Victoria's Secret hat es verstanden, aus seiner jährlichen Show ein globales Spektakel zu machen, mit den charakteristischen Flügel-Outfits, den prominentesten Models und Auftritten von Popstars wie Rihanna und Justin Bieber.

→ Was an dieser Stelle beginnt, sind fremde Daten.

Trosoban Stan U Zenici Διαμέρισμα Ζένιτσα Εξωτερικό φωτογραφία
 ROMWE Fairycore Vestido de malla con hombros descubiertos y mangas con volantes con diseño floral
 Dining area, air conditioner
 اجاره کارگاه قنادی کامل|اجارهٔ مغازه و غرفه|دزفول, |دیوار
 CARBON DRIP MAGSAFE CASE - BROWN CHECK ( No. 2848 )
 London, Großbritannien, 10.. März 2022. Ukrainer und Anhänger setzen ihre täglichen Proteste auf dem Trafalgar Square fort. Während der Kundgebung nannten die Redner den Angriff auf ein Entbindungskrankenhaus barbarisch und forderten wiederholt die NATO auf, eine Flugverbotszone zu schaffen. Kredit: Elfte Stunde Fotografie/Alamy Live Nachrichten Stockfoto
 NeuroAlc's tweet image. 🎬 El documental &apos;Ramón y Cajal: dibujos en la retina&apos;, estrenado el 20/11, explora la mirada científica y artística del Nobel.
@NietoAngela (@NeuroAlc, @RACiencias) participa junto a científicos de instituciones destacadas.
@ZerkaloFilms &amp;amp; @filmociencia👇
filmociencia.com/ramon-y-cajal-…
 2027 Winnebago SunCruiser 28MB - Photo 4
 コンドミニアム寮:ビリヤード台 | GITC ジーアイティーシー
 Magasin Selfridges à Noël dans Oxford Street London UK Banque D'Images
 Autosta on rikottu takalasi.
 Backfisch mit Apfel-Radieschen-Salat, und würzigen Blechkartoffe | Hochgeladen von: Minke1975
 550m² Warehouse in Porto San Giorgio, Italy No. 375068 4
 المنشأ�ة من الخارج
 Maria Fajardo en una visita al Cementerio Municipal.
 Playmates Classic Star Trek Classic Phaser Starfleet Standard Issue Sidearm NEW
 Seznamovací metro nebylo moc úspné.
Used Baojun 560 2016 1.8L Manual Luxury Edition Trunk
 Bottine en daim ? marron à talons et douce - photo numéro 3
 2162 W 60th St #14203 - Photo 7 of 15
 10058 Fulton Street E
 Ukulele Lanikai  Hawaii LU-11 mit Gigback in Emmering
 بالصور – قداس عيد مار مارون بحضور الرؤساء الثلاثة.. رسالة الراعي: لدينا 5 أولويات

Swanepoel tritt als Trägerin des "Fantasy Bra" das Erbe von unter anderem Heidi Klum und Gisele Bündchen an. 2012 präsentierte die Brasilianerin Alessandra Ambrosio den teuren BH. Die diesjährige Show wird am 10. Dezember im US-Fernsehen ausgestrahlt.
(Quelle: Spiegel Online)

Hier mal die Liste der Trägerinnen des 'Fantasy Bra' seit 1996 inklusive der Preise für die guten Stücke:

Candice Swanepoel (2013)=$10 million Royal Fantasy Bra + Panties
Alessandra Ambrosio (2012)=$2.5 million Floral Fantasy Bra + Gift Set
Miranda Kerr (2011)=$2.5 million Fantasy Treasure Bra
Adriana Lima (2010)=$2 million Bombshell Fantasy Bra
Marisa Miller (2009)=$3 million Harlequin Fantasy Bra
Adriana Lima (2008)=$5 million Black Diamond Fantasy Miracle Bra
Selita Ebanks (2007)=$4.5 million Holiday Fantasy Bra
Karolina Kurkova (2006)=$6.5 million Hearts on Fire Diamond Fantasy Bra
Gisele Bundchen (2005)=$12.5 million Sexy Splendor Fantasy Bra
Tyra Banks (2004)=$10 Heavenly "70" Fantasy Bra
Heidi Klum (2003)=$11 million Very Sexy Fantasy Bra
Karolina Kurkova (2002)=$10 million Star of Victoria Fantasy Bra
Heidi Klum (2001)=$12.5 million Heavenly Star Bra
Gisele Bundchen (2000)=$15 million Red Hot Fantasy Bra + Panties
Heidi Klum (1999)=$10 million Millennium Bra
Daniela Pestova (1998)=$5 million Dream Angel Fantasy Bra
Tyra Banks (1997)=$3 million Diamond Dream Bra
Claudia Schiffer (1996)=$1 million Million Dollar Miracle Bra

Und das aktuelle Set noch visualisiert (via VS Mainsite + Instagram)


----------



## Punisher (21 Okt. 2013)

Candice ist ne tolle Frau


----------



## kerlonmania (26 Jan. 2014)

Thanks for the news


----------



## snick2005 (7 März 2015)

One of the most beautiful model


----------